──────── Entries provided

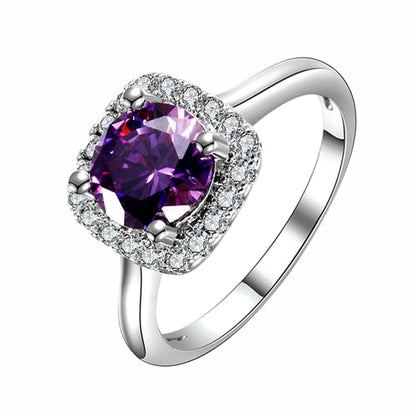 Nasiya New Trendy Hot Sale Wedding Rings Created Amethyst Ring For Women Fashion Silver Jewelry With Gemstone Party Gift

────────────────
──────── Entries provided

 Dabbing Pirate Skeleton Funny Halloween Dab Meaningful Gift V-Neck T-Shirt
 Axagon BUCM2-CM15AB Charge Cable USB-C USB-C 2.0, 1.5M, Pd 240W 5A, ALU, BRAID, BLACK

────────────────

• **Assignment**: Set down, exactly as they stand above, the lines starting with the line with "Dabbing Pirate Skeleton" and going on through the line with "Axagon BUCM2-CM15AB Charge", and no others.

• **Reply to the task**:
 Dabbing Pirate Skeleton Funny Halloween Dab Meaningful Gift V-Neck T-Shirt
 Axagon BUCM2-CM15AB Charge Cable USB-C USB-C 2.0, 1.5M, Pd 240W 5A, ALU, BRAID, BLACK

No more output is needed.